Jesús Valentín

Personal information
- Full name: Jesús Miguel Valentín Rodríguez
- Date of birth: 15 October 1991 (age 34)
- Place of birth: Las Américas, Spain
- Height: 1.85 m (6 ft 1 in)
- Position: Centre-back

Youth career
- Tenerife

Senior career*
- Years: Team / Apps / (Gls)
- 2010–2012: Ibarra / ? / (12)
- 2012–2014: Las Palmas B / 62 / (4)
- 2014–2016: Las Palmas / 3 / (0)
- 2015–2016: → Huesca (loan) / 14 / (1)
- 2016: Huesca / 10 / (0)
- 2017–2018: Zaragoza / 20 / (0)
- 2018–2019: Córdoba / 19 / (0)
- 2019: Recreativo / 14 / (0)
- 2019–2020: Rayo Majadahonda / 22 / (0)
- 2020–2021: Recreativo / 18 / (1)
- 2021–2023: Mensajero / 8 / (0)

= Jesús Valentín =

Spanish footballer

Jesús Miguel Valentín Rodríguez (born 15 October 1991), is a Spanish footballer who plays as a centre-back.

==Club career==
Born in Las Américas, Santa Cruz de Tenerife, Canary Islands, Valentín started playing as a senior with local UD Ibarra. In 2012, he moved to UD Las Palmas, being assigned to the reserves in the Tercera División.
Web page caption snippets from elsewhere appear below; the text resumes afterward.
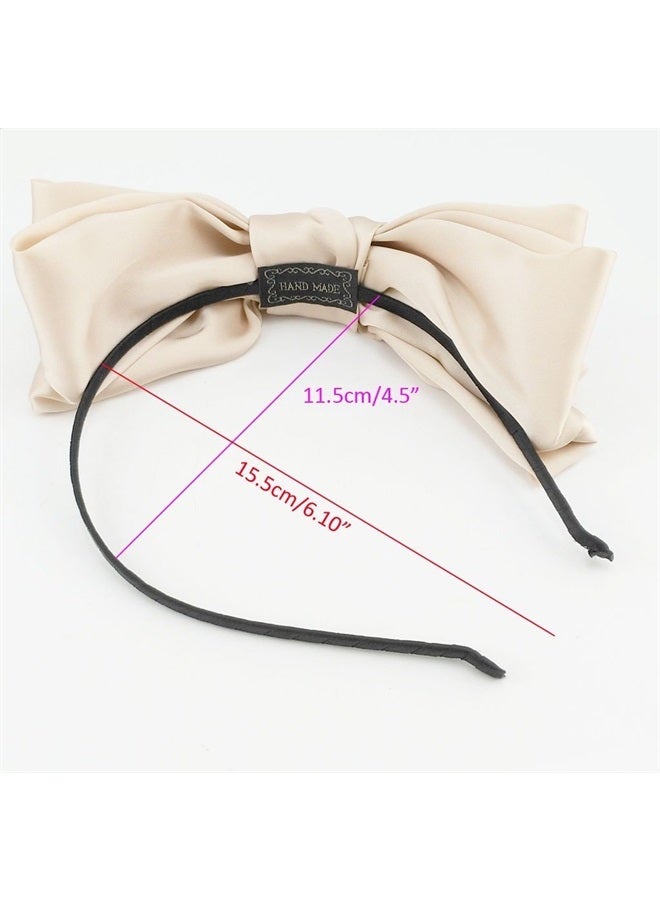 Yueton Pack of Sweet Big Bowknot Hair Band Bow Headband Hair Accessory Girls Women Headdress Headwear - Image 3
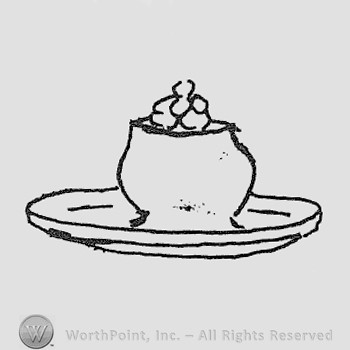 Rookwood Pottery Shape No. 1074; inkwell.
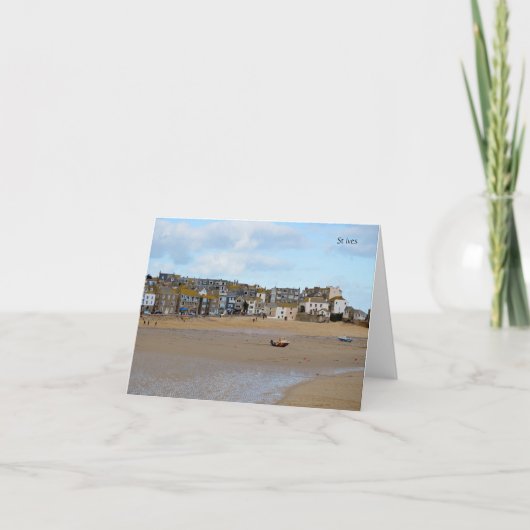 Gezeiten heraus St. Ives Cornwall England Karte (Vorderseite)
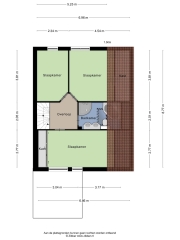 Plattegrond Rhonelaan 15 EINDHOVEN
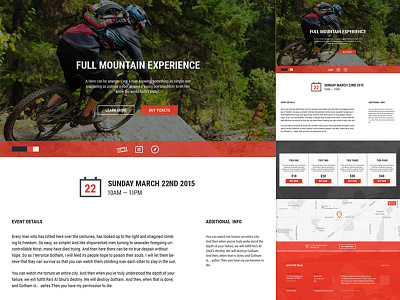 Bike Event Landing Page design flat landing page minimalism strategy ui ux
On 13 July 2014 Jesús signed a three-year professional deal, being definitely promoted to the main squad. He made his first-team debut on 11 September, starting in a 2–0 away win against RCD Mallorca, in the season's Copa del Rey.
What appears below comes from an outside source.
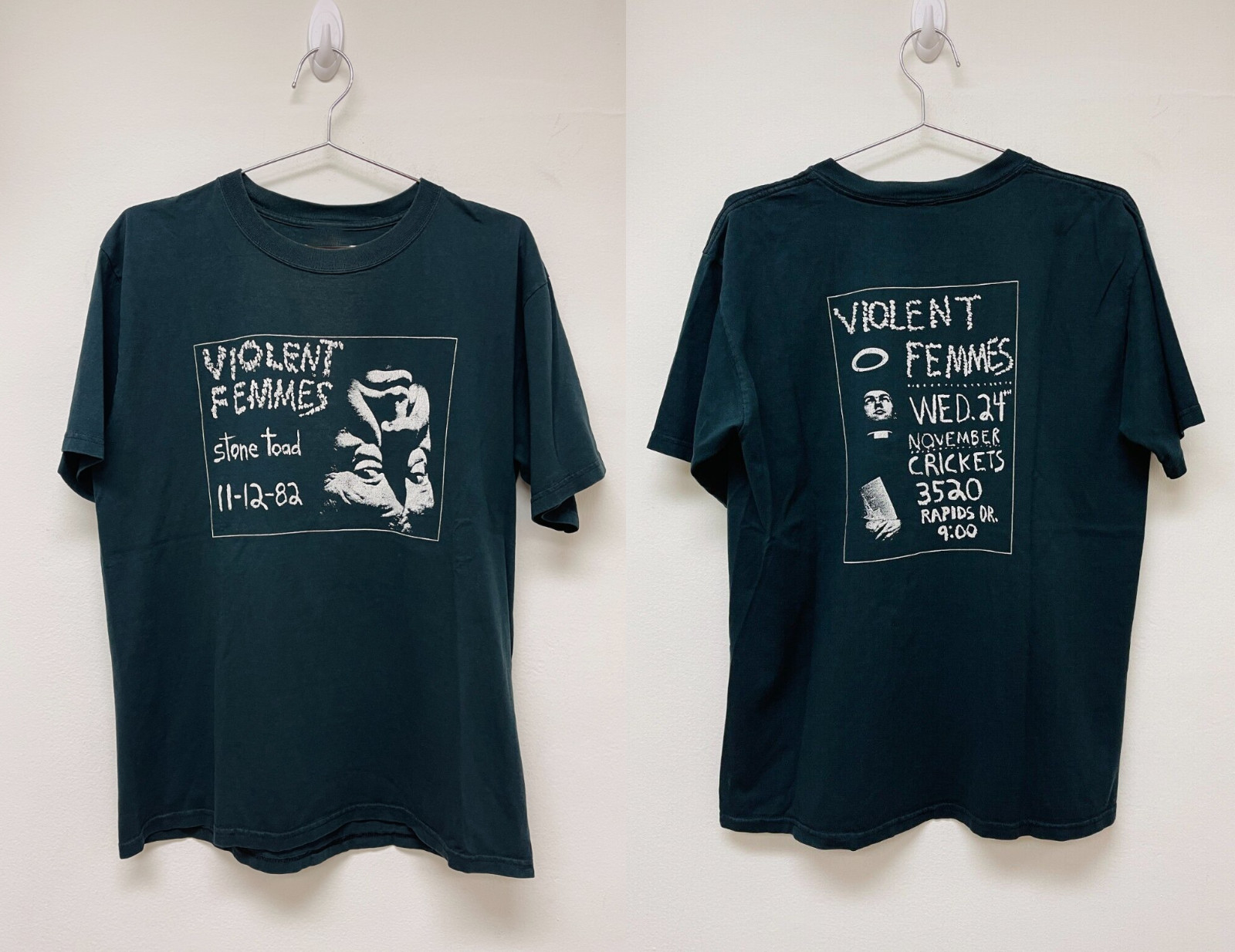 At Stone Toad Milwaukee Violent Femmes Double Sided T-Shirt BL2.612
Valentín made his league debut on 1 March 2015, starting in a 1–1 home draw against CD Tenerife in the Segunda División. On 25 August he was loaned to fellow league team SD Huesca, in a season-long deal.

Valentín scored his first professional goal on 13 March 2016, netting the game's only in a home success against AD Alcorcón. On 7 July, he rescinded his contract with Las Palmas and signed a permanent three-year deal with Huesca four days later.

On 3 January 2017, Valentín was transferred to fellow league team Real Zaragoza. On 31 January of the following year, he signed for Córdoba CF in the same division.

On 31 January 2019, Valentín terminated his contract with the Blanquiverdes, and moved to third division side Recreativo de Huelva just hours later. On 4 July, he signed for CF Rayo Majadahonda, freshly relegated to division three.